Für Gerechtigkeit in der Politik fehlt es an objektiven Maßstäben

Politiker, Journalisten und auch Gewerkschaftler kritisieren eine zunehmende Ungerechtigkeit in der Politik. Beginnt man über das Thema Gerechtigkeit nachzudenken, so erweist es sich recht schnell, dass ein Urteil über die Gerechtigkeit oder Ungerechtigkeit einer bestimmten Gestaltung, zum Beispiel der Einkommensgestaltung, einen Maßstab für die Beurteilung voraussetzt.
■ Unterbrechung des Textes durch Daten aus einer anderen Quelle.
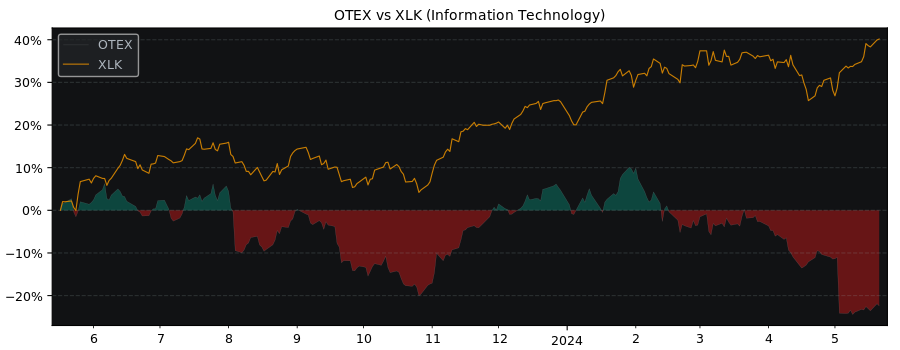 Compare Open Text with its related Sector/Index XLK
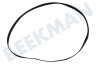 Whirlpool Waschmaschine Riemen geeignet für Whirlpool 7PJE 1309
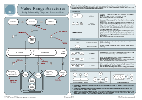 E/R diagram reference sheet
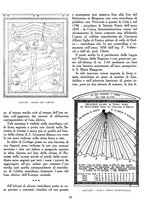 giornale/LO10020440/1937/unico/00000017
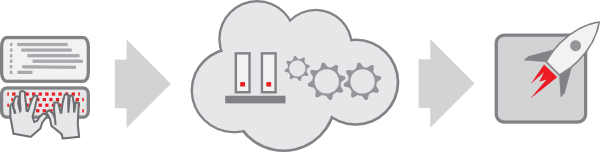 Overview OpenShift Paas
Wird Arbeit mit der physikalischen Definition als das Produkt aus Weg und Kraft erfasst, so wird schnell deutlich, dass Martin Winterkorn, Vorstandsvorsitzender von VW, nicht das Hundertfache eines durchschnittlichen VW-Mitarbeiters verdient haben kann. Auch wenn die Bemessung des Einkommens am Zeitaufwand erfolgt, kann der VW-Chef nicht Millionen verdienen. Selbst er wird kaum mehr als 100 Stunden pro Woche arbeiten. Laut Daniel Zimmer fehlt es aber vor allem an objektiven Maßstäben dafür, ob eine bestimmte Einkommensgestaltung gerecht oder ungerecht ist. Professor Dr. Daniel Zimmer ist Vorsitzender der Monopolkommission und Direktor des Center for Advanced Studies in Law and Economics der Universität Bonn.

Die Höhe des Elterngeldes bewegt sich zwischen 300 und 1.800 Euro

Seit Anfang 2007 gibt es in Deutschland eine gesetzliche Regelung, nach der Eltern neugeborener Kinder bis zu 14 Monate lang ein Elterngeld beziehen können. Voraussetzung der Gewährung ist, dass der Bezieher oder die Bezieherin das Kind selbst betreut und erzieht und keine oder keine volle Erwerbstätigkeit ausübt. Elterngeld wird in der Höhe von etwa 66 Prozent des in den letzten zwölf Monaten vor der Geburt des Kindes durchschnittlich erzielten monatlichen Einkommens gezahlt. Der Höchstsatz beträgt 1.800 Euro pro Monat.

Daniel Zimmer stellt sich dabei die Frage, ob es gerecht ist, wenn junge Eltern, die sich um die Betreuung und Erziehung ihrer Kinder kümmern, eine am letzten Einkommen orientierte Zuwendung von staatlichen Stellen erhalten. Daniel Zimmer erläutert: „Die Regelung zum Elterngeld wird von manchen als unsozial oder ungerecht angesehen, weil bessergestellte Eltern mehr Geld erhalten als andere.“ Der Mindestbetrag des Elterngeldes liegt bei 300 Euro. Eine Elterngeldberechnung des Höchstsatzes von 1.800 Euro gilt auch für Eltern, die vorher deutlich mehr verdient haben.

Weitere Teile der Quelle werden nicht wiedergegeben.